Tato—who is bringing his colleague, Andrianne Payson, also located in New York—is leaving because client conflicts arose at the 4,200-lawyer legal behemoth DLA Piper, according to a person who works with Tato. Other former Dewey partners have switched firms over strategic disputes, cultural conflicts and various other reasons. Taken together, the moves show how Dewey’s unexpected and sudden spiral into bankruptcy in the spring of 2012, which has been attributed to mismanagement of firm finances and led to criminal indictments , is still sending tremors through the lateral market.
“Like the divorce rate, after you make one, (you’re) more likely to make another,” said Michael Allen, managing principal of Lateral Link, of lateral mobility.
Tato and Payson both declined to provide statements for this article.
In a statement, DLA Piper said: “Joe and Andrianne have been great partners and members of the firm. This is a dynamic market with significant lateral opportunities at various stages of one’s career, a trend that is an important part of our own growth strategy and one on which we continue to capitalize. We wish them all the best.”
Tato advises power producers, investors, banks and governments in development and finance of power, oil and gas, LNG, telecommunications and other infrastructure projects in the U.S., Africa, Latin America and Europe, according to his website profile.
There have been other notable former Dewey partners who switched firms, too. Last spring, Paul Hastings hired John Cobb, who had chaired Dewey’s leveraged finance practice and served a short-lived stint at Weil Gotshal & Manges as a partner, advising banks, investors and mezzanine funds.

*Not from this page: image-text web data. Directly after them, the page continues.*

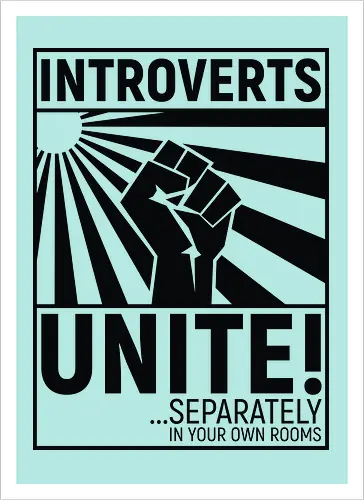 Introverts Unite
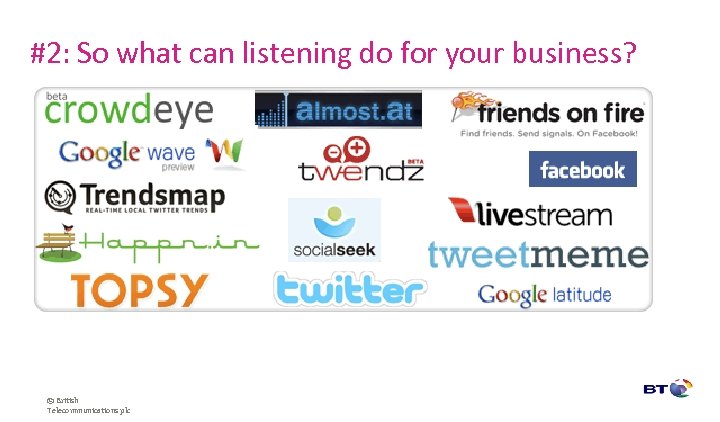 #2: So what can listening do for your business? © British Telecommunications plc 
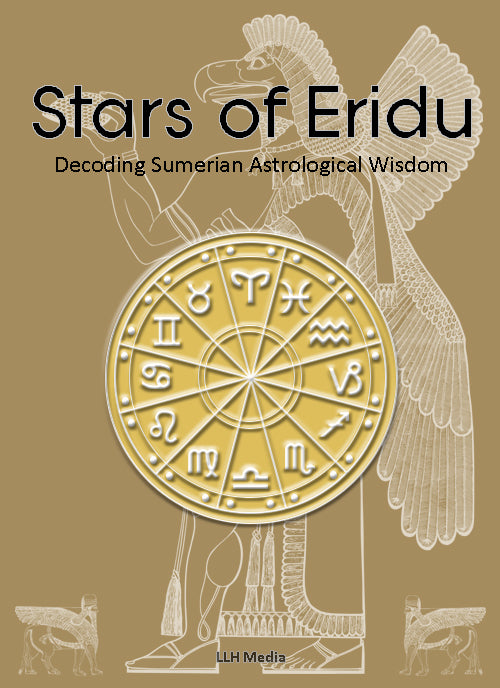 Stars of Eridu - Decoding the Wisdom of Sumerian Astrology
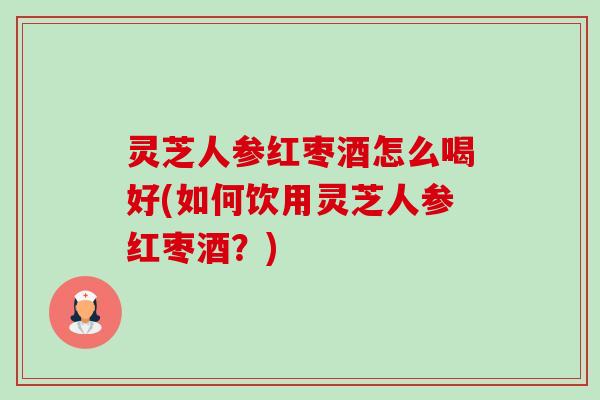 灵芝人参红枣酒怎么喝好(如何饮用灵芝人参红枣酒?)-第1张图片-卓越灵芝孢子粉 灵芝人参红枣酒怎么喝好(如何饮用灵芝人参红枣酒?)-第1张图片-卓越灵芝孢子粉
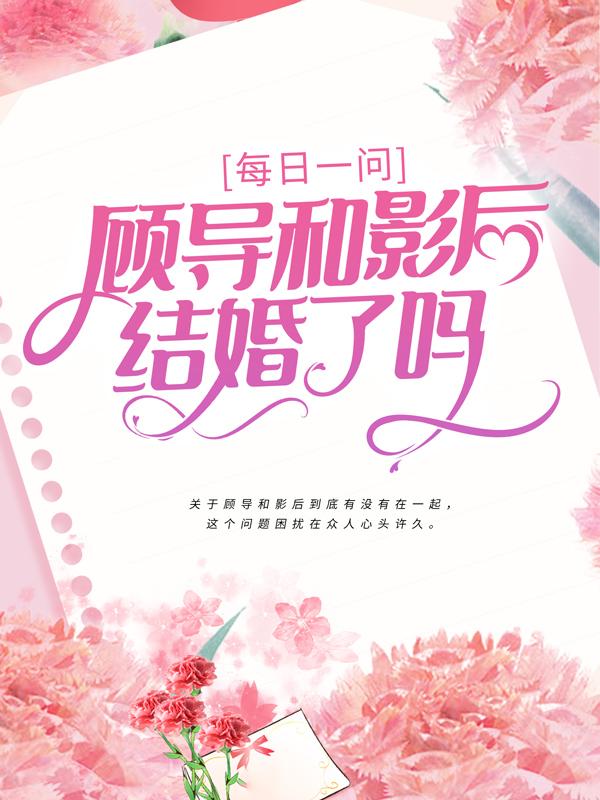 完整版《每日一问：顾导和影后结婚了吗》章节目录在线阅读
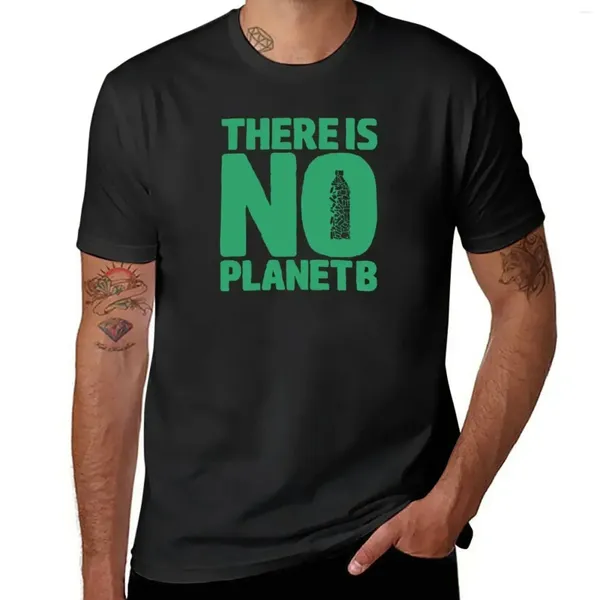Tanques masculinos No Planet B T-shirt Sports Fans Customs Design Your Own Anime Mens Plain T T SHISTS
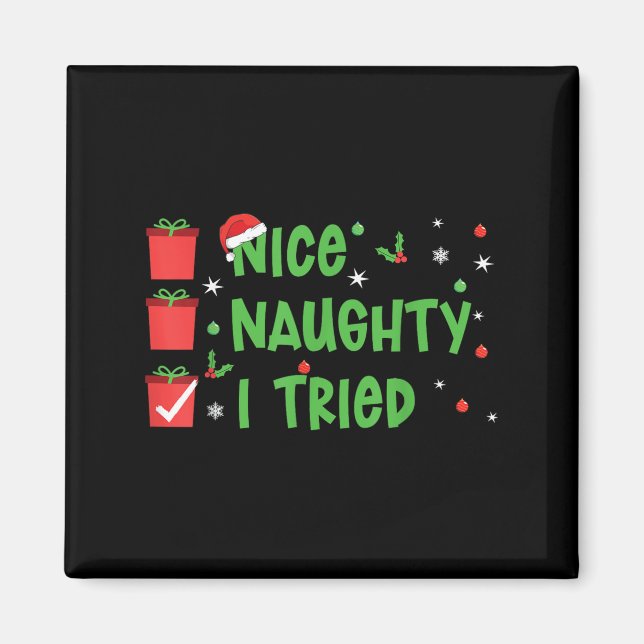Nice Naughty I Tried Santa's Naughty List Funny Ch Magnet (Front)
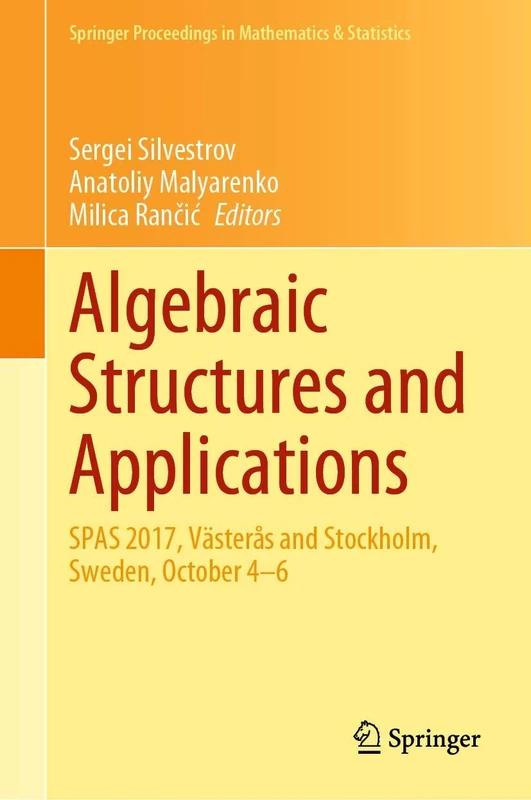 Algebraic Structures and Applications: SPAS 2017, Västerås and Stockholm, Sweden, October 4-6: 317 (Springer Proceedings in Mathematics & Statistics, 317)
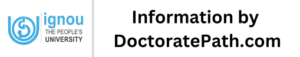 IGNOU Information by DoctoratePath.com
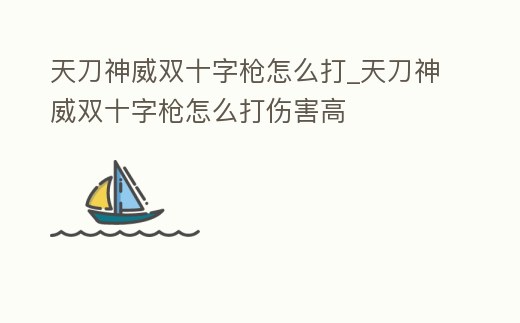 天刀神威雙十字槍怎么打_天刀神威雙十字槍怎么打傷害高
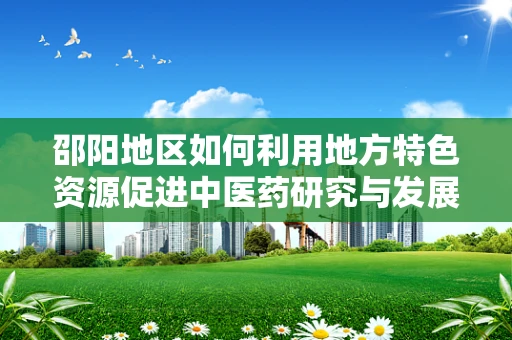 邵阳地区如何利用地方特色资源促进中医药研究与发展？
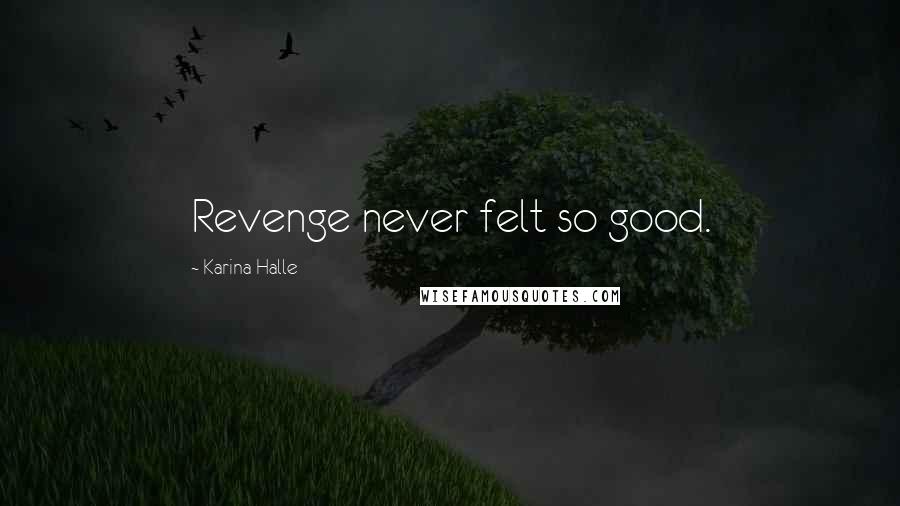 Karina Halle Quotes: Revenge never felt so good.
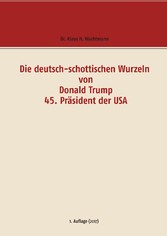 Die deutsch-schottischen Wurzeln von Donald Trump 45. Präsident der USA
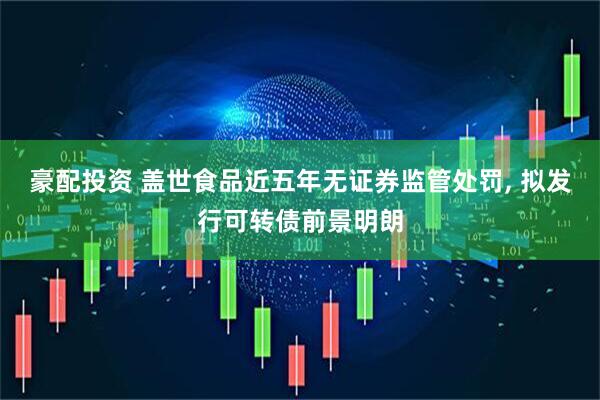 豪配投资 盖世食品近五年无证券监管处罚, 拟发行可转债前景明朗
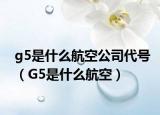 g5是什么航空公司代号（G5是什么航空）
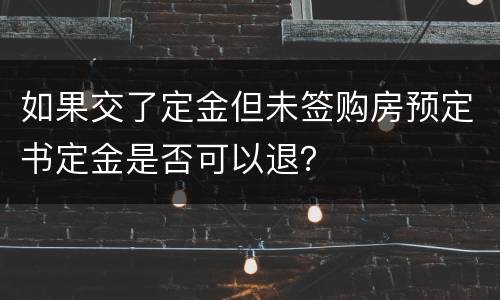 如果交了定金但未签购房预定书定金是否可以退？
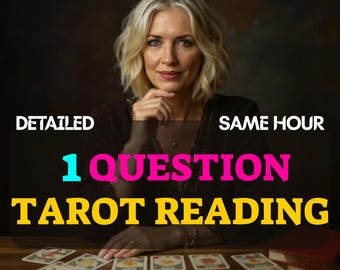 May include: A woman with blonde hair and a dark top is seated at a wooden table with tarot cards. The text on the image reads "DETAILED", "SAME HOUR", "1 QUESTION", and "TAROT READING". A red book is also visible.
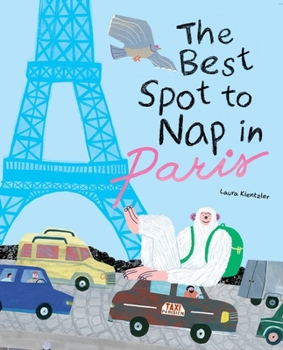 Hardcover The Best Spot to Nap in Paris Book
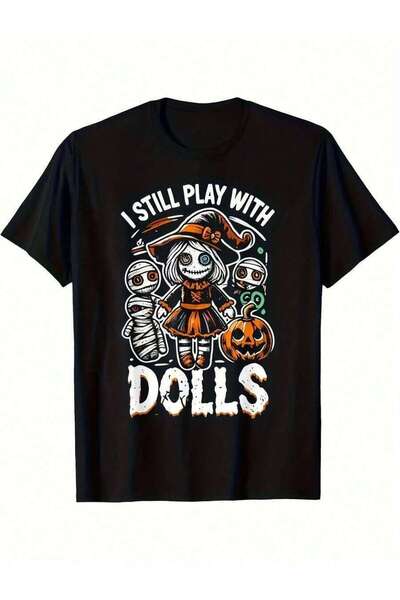 799 220G - تي شيرت I Still Play With Dolls Doll Scary Lover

A year earlier, Eversheds hired Zhu Clark, the head of Dewey’s Beijing operations who had found a temporary home at Morgan Lewis & Bockius.
Of course, the turnover rate at law firms would be high even excluding all the Dewey partners that moved, said Robin Miller, a headhunter in Manhattan who estimated that three to five years has become a standard amount of time at the largest 100 U.S. firms.
Yet former Dewey lawyers who have changed jobs said that the rapid demise of Dewey led to poor decision-making in their search process. “Everyone had a gun to their head, and you had to do something,” said one former Dewey partner who commented on the condition of anonymity.
“You had to have the right firm lining up, with the right offer, at the right time,” the source said. “There were a lot of good lawyers, and people had good opportunities, but they were doing it very hastily.”